I’m never going back to my old school: Musings on the fallout from COVID-19-related school closures

With all due respect to Donald Fagan -- front man for beloved jazz-rock duo Steely Dan -- I don’t think we have to wait until "California tumbles into the sea" before we all agree that the idea of a traditional university education is now anachronistic. With COVID-19 disrupting and, in some cases cancelling, in-person learning at leading institutions, many higher-ed students are realizing they can get the skills and knowledge they need without ever stepping foot on campus. In fact, some are discovering that life in "Virtual-U" is better -- easier, more productive, less stressful -- than the real thing.

Case in point: My daughter, who was attending an Ivy League women’s college until the Coronavirus sent her and her classmates packing in the middle of their Spring semester. Since then, her school has cancelled on-campus classes for the Fall, forcing their nearly 3,000 students online.
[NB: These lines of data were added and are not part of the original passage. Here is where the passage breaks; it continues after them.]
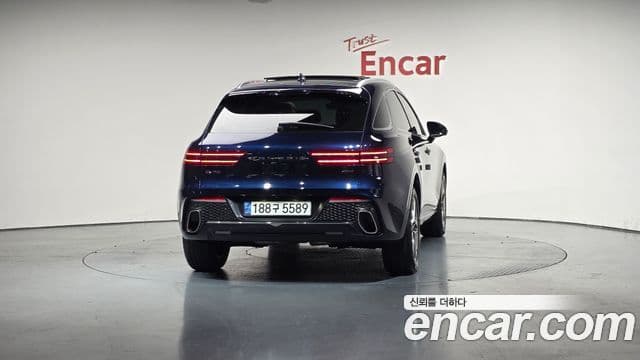 Genesis GV70, 2023 4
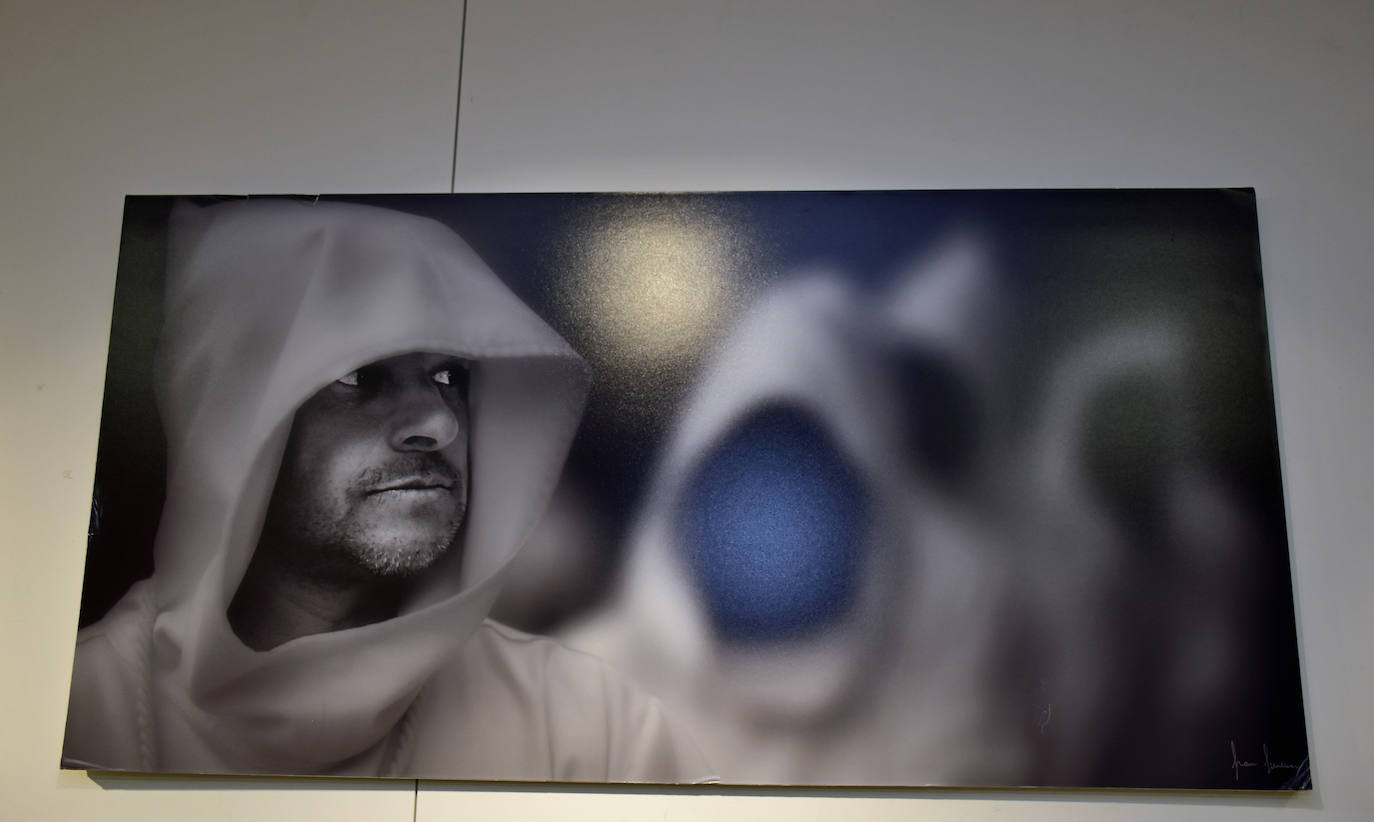 Exposición de fotografía 'Dos semanas, un encuentro 2021' realizada en la Oficina de Turismo de Valladolid, en la que se exponen imágenes de Semana Santa de autores como Chema Concellón y Fran Jiménez.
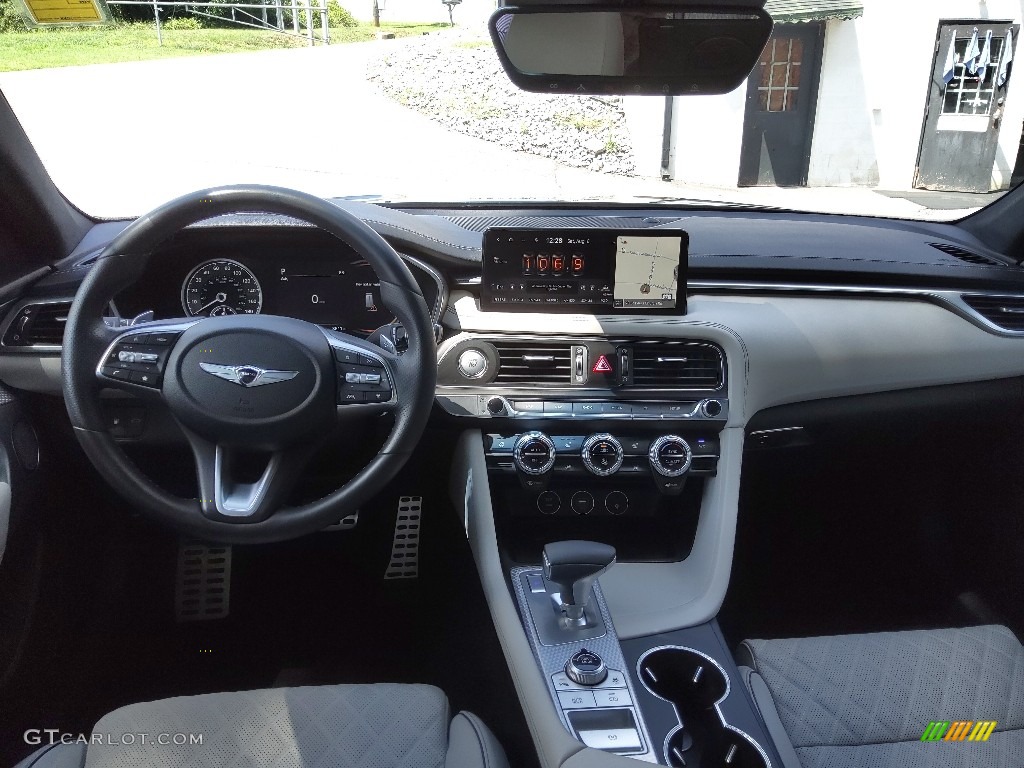 2022 Genesis G70 3.3T AWD Gray Dashboard Photo #144667045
And while time zone differences (Mauritius is 9 hours ahead of the U.S. East Coast) make for some odd virtual classroom hours, she is definitely enjoying the freedom from stress and worry that were part of her traditional, campus-based education experience: Finding food she can eat/tolerate in the cafeterias; fighting for shared bathroom space in her dorm; and dealing with catty, College-aged girls and all the drama that that entails.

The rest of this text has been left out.